Seems like it did a pretty good job. Only complaint is a small +5db bump at 2kz. I may try and recalibrate as I move along to see if I can get better results. It failed several times at calibrating before I realized it was due to a ground loop (I was using an external PSU for testing purposes/ended up simply running temporary wiring directly to battery). I was hoping to use the "signal sense" turn-on feature of the unit, but that totally didn't work  

Consider this an ongoing review as I move forward with my install. Please let me know if you have any questions, as I haven't seen any reviews of this unit yet.


----------



## DDfusion (Apr 23, 2015)

That bumps probably the car


----------



## katodevin (Feb 14, 2008)

DDfusion said:


> That bumps probably the car


This is measured from the line out of the Fix82, not speakers. Car acoustics aren't playing a factor in that measurement.


----------



## alachua (Jun 30, 2008)

This is some really great information, I'm currently considering getting a 3rd gen IS350 in the future and was debating on the best manner of factory integration. 

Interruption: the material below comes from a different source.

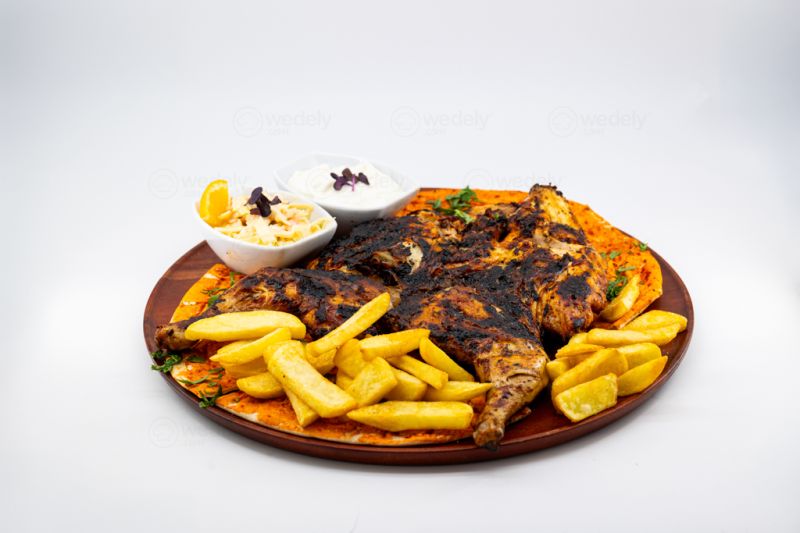 Poulet Entier Au Charbon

I _*may*_ attempt to open up a factory amp and having a poke around to see if there is any chance of hijacking the signal at some point after volume control (and possibly dobly prologic) is applied, but before amplification/eq is done. I'm guessing not, but engineers aren't having fun unless they are attempting to find potentially more optimal solutions to already solved problems.


----------